> **Task instructions**:
Repeat exactly, and only, the lines below starting at the line that contains "A living room with a beige" and ending at the line that contains "A living room with a sofa, table, and", inclusive of both.
##### Materials provided #####
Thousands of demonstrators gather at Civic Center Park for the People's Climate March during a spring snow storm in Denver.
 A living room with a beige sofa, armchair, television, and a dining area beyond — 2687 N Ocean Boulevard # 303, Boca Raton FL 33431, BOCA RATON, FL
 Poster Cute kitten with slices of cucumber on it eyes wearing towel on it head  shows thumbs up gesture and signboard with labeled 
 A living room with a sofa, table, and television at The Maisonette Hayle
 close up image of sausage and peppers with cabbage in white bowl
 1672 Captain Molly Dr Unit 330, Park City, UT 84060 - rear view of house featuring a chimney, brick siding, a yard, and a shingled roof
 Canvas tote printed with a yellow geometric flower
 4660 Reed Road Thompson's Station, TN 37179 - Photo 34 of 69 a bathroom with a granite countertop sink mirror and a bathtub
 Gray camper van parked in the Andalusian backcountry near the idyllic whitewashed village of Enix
#####
> **Result of the exercise**:
 A living room with a beige sofa, armchair, television, and a dining area beyond — 2687 N Ocean Boulevard # 303, Boca Raton FL 33431, BOCA RATON, FL
 Poster Cute kitten with slices of cucumber on it eyes wearing towel on it head  shows thumbs up gesture and signboard with labeled 
 A living room with a sofa, table, and television at The Maisonette Hayle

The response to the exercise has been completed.